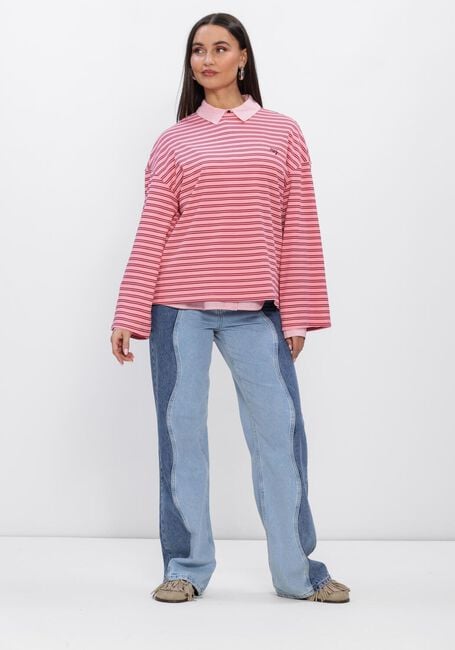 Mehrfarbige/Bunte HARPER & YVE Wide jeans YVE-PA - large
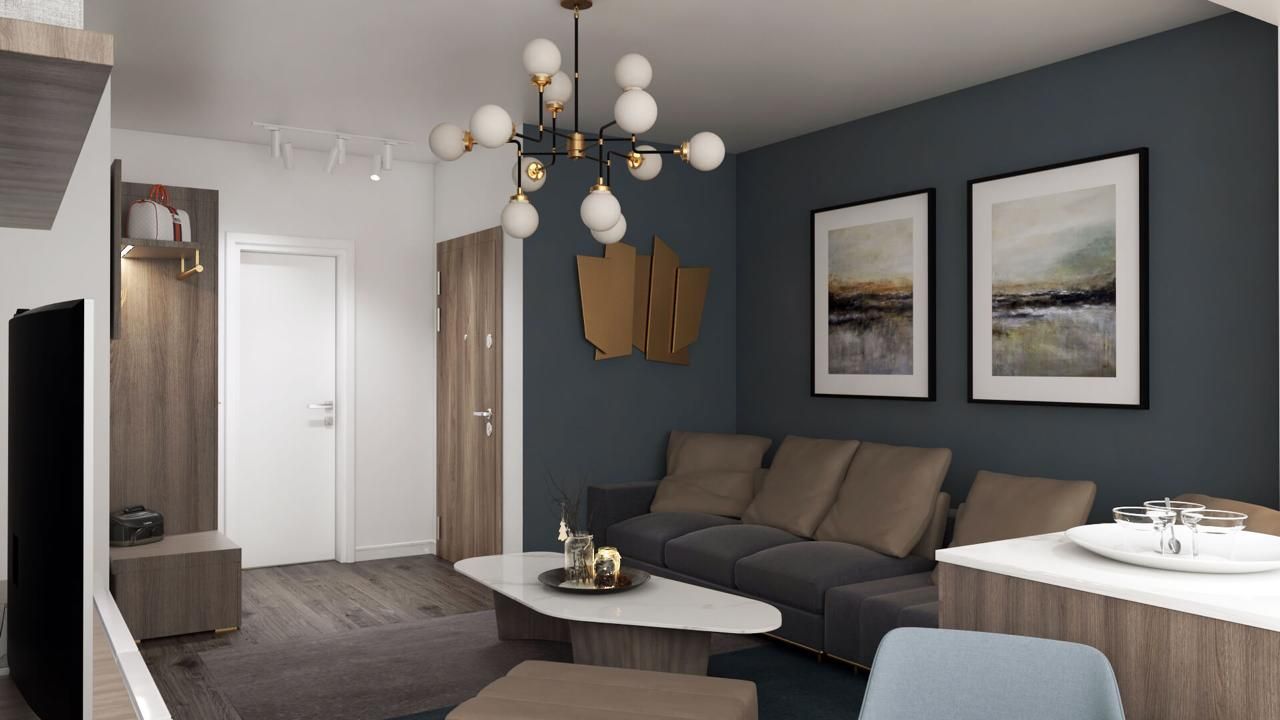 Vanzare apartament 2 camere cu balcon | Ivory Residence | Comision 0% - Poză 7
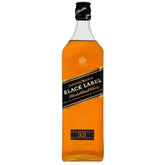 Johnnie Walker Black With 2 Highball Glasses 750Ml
++++
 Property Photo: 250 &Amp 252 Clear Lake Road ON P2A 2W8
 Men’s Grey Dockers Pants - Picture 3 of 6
++++
Write out exactly the lines above between the one with "Vanzare apartament 2" and the one with "Johnnie Walker Black", inclusive, with pictures left out.

OUTPUT BELOW:
 Vanzare apartament 2 camere cu balcon | Ivory Residence | Comision 0% - Poză 7
 Johnnie Walker Black With 2 Highball Glasses 750Ml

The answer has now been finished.